Public university lets Christian student group pick Christian leaders to resolve lawsuit
University of Houston-Clear Lake updates club recognition policy, pays $26,200 to Ratio Christi.
A public university in Texas accused of denying recognition to a Christian student club because it required leaders to be practicing Christians has changed its policies to resolve the club's litigation.
The University of Houston-Clear Lake also agreed to pay Ratio Christi $25,000 in attorney's fees and $400 each for the club and two student plaintiffs, for a total of $26,200, according to the settlement agreement dated Feb. 2, which is not in the court docket.
The club's lawyers at the Alliance Defending Freedom (ADF), which voluntarily dropped the suit Tuesday, provided the 18-page agreement to Just the News to verify its claims, on the condition it not be published to protect its clients' privacy.
The university quickly granted recognition to Ratio Christi after it sued last fall but took months longer to revise policies that were used to deny recognition, which comes with benefits including meeting space, participation in student involvement fairs, and funding covered by mandatory student services fees.
Under the settlement, the university added a sentence to the 2021-2022 Registered Student Organization Handbook explicitly granting clubs the right to "limit Officers to those members who subscribe to the tenets of that organization." (Most of the settlement is the handbook.)
ADF characterized other changes as "transparent guidelines for how a student group should gain approval to become a registered student organization, and an appeal process in the event of a denial."
The handbook doesn't specify which sections are new but does lay out specific registration and appeal procedures.
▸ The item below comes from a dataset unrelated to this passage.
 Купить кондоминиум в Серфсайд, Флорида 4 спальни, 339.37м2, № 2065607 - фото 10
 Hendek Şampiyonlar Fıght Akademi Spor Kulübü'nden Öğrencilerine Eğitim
The old policies weren't enforced against other clubs that restrict membership, even on the basis of protected categories such as sex and veterans status, Ratio Christi claimed.
The parties were already in "settlement discussions that may ultimately resolve this lawsuit," according to a Jan. 7 filing.
"Public universities across the country are learning that there are consequences when they unlawfully discriminate against students or student groups based on their faith," ADF senior counsel Gregg Walters said.
The university disputed that much that changed because of the settlement.
"The University of Houston-Clear Lake’s approval of the student organization is consistent with the policies that are in place and were in place prior to the filing of this lawsuit," according to a Feb. 17 statement provided by a spokesperson, attributed to the UH System.
"A clarification was added to the university’s Student Organization Handbook to ensure there was no confusion regarding selection of officers for student organizations. Regardless of the clarification, the University of Houston-Clear Lake has always allowed officers of student organizations to align with the tenets of the organization they represent."